• _Work item_:
Your response should be the complete listing, copied exactly.

• _Records for this task_:
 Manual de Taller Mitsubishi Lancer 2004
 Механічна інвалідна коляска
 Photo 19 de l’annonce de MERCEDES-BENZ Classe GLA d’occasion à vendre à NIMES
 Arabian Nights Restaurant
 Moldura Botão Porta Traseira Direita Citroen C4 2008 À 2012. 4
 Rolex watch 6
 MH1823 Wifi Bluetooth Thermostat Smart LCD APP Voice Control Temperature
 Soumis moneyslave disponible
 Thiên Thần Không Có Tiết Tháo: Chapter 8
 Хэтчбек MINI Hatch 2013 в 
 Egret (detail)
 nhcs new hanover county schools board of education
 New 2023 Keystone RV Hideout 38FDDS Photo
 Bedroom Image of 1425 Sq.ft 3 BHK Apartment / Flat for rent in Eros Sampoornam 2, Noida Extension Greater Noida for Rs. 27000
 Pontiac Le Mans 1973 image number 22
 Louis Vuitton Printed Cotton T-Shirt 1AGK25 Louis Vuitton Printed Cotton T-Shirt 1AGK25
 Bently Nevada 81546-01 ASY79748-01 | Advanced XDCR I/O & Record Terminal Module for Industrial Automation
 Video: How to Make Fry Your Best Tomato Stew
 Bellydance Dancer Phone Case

• _Expected answer_:
 Manual de Taller Mitsubishi Lancer 2004
 Механічна інвалідна коляска
 Photo 19 de l’annonce de MERCEDES-BENZ Classe GLA d’occasion à vendre à NIMES
 Arabian Nights Restaurant
 Moldura Botão Porta Traseira Direita Citroen C4 2008 À 2012. 4
 Rolex watch 6
 MH1823 Wifi Bluetooth Thermostat Smart LCD APP Voice Control Temperature
 Soumis moneyslave disponible
 Thiên Thần Không Có Tiết Tháo: Chapter 8
 Хэтчбек MINI Hatch 2013 в 
 Egret (detail)
 nhcs new hanover county schools board of education
 New 2023 Keystone RV Hideout 38FDDS Photo
 Bedroom Image of 1425 Sq.ft 3 BHK Apartment / Flat for rent in Eros Sampoornam 2, Noida Extension Greater Noida for Rs. 27000
 Pontiac Le Mans 1973 image number 22
 Louis Vuitton Printed Cotton T-Shirt 1AGK25 Louis Vuitton Printed Cotton T-Shirt 1AGK25
 Bently Nevada 81546-01 ASY79748-01 | Advanced XDCR I/O & Record Terminal Module for Industrial Automation
 Video: How to Make Fry Your Best Tomato Stew
 Bellydance Dancer Phone Case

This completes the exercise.